Alejandro Vallellanes, knowledge services manager at law firm Baker McKenzie, says that between explosive cryptocurrency holdings, the value of social media advertising, and an increasing emphasis on digital holdings like NFTs or virtual real estate, “for some people, that asset class is more valuable than their physical assets.” Vallellanes, who spoke on a panel about the use of the metaverse in legal, adds that “when that happens across the board, we can already consider ourselves living in some sort of metaverse.”

Naturally, there is skepticism about whether the metaverse could truly become that pervasive.

Yet, almost half (48%) of consumer respondents said they would be very interested or somewhat interested in shopping within the metaverse within the next five years, according to a McKinsey & Co. survey from February 2022. More than 40% of respondents indicated they would be interested in using the metaverse to attend a telehealth appointment, attend a live learning course, or even meet with friends and family.

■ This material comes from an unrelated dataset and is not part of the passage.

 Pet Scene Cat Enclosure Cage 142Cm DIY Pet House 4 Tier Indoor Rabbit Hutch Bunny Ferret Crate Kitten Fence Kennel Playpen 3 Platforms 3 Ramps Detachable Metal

And where people are, money follows. Jerry Bui, a managing director at FTI Consulting who spoke on the same panel, notes that Goldman Sachs has estimated the metaverse’s ultimate market size to be somewhere between a $2 trillion to 12 trillion opportunity. Even now, Bui says, virtual gaming has become a $200 billion business, dwarfing many other forms of media and sports. “If you don’t think there’s momentum towards that end, just look at the money that’s flowing into this space,” Bui explains.